Mental health, supporting victims of sexual violence, and post-secondary affordability aren’t just issues on Camosun students’ minds—they’re all areas that new Camosun vice president of student experience Heather Cummings plans on focusing on in her job.
“Those are three hot buttons that I can’t imagine not being responsive to,” she says. “It breaks my heart if a student can’t stay in college because they don’t have the money, and we couldn’t figure out how to get the money; that breaks my heart a little bit because there’s such a social benefit of education.”
Creating the ideal student experience through student retention and making sure students feel like they’re prepared for their future because of their experience at Camosun is key, says Cummings. Student experience also goes hand in hand with academic experience, she says; despite the organizational structure that separates the two, student experience and academic experience “really have to work together,” says Cummings.

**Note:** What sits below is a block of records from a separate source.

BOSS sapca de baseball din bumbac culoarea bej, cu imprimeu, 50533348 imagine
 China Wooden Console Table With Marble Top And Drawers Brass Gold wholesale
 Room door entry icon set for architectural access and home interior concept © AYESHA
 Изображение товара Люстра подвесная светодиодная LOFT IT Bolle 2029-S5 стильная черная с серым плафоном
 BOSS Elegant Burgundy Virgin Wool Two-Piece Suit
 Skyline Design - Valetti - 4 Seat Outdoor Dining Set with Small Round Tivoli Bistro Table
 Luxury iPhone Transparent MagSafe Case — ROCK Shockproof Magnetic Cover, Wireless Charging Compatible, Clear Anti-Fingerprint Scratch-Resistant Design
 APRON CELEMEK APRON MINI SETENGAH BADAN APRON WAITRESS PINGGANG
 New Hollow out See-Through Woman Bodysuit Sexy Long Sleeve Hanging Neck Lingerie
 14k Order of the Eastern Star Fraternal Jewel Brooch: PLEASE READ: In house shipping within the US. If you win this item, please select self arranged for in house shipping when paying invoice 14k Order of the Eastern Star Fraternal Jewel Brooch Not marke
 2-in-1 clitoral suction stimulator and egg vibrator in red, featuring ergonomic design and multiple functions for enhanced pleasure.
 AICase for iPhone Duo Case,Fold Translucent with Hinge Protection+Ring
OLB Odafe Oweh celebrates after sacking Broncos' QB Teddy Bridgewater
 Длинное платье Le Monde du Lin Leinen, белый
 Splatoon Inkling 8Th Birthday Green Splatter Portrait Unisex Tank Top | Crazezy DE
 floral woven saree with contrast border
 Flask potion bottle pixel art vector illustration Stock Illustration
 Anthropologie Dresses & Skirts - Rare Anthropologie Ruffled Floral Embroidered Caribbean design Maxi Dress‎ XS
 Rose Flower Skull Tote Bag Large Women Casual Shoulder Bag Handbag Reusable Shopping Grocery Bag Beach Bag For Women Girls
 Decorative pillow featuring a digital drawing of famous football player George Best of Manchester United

“What happens in the classroom translates into what happens in the rest of the institution and vice versa,” says Cummings. “If students aren’t getting supported, not receiving mental health support… They’re working three jobs because they don’t want student loans, or they didn’t qualify, that’s going to impact the learning experience. And our faculty are going to have to be the ones that try and figure that out. I think we’ve got to create that common language between the areas where we’re talking about the same things and we have the same goals.”
Cummings started at Camosun on August 19, taking over from Joan Yates. She says that many of the solutions to problems students may face are already on campus, but sometimes it’s a matter of finding them.
“It’s just a matter of talking to people and figuring out where support needs to be to get those solutions in place,” she says.
As far as the position influencing students in day-to-day life, Cummings says that it’s hard to identify specifics because student experience changes on a student-to-student basis. Cummings says that Camosun has an extremely diverse student population and that she wants to focus on what each individual needs.
“It’s a matter of having a flexible learning environment where every student sees themselves in the halls and the walls and knows that this is their place and that there’s something there to help them,” she says.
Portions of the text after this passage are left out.